## [What you should do]
Find "Patent US12097014 Figure" in the data below; transcribe the line it appears on and each line after it, exactly, to the end, and nothing else.

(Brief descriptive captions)
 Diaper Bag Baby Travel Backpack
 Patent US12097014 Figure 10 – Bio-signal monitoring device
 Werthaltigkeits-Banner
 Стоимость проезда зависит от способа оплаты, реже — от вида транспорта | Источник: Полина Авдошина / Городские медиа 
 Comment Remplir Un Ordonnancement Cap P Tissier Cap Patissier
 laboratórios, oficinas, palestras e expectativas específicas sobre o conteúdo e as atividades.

## [Task solution]
 Patent US12097014 Figure 10 – Bio-signal monitoring device
 Werthaltigkeits-Banner
 Стоимость проезда зависит от способа оплаты, реже — от вида транспорта | Источник: Полина Авдошина / Городские медиа 
 Comment Remplir Un Ordonnancement Cap P Tissier Cap Patissier
 laboratórios, oficinas, palestras e expectativas específicas sobre o conteúdo e as atividades.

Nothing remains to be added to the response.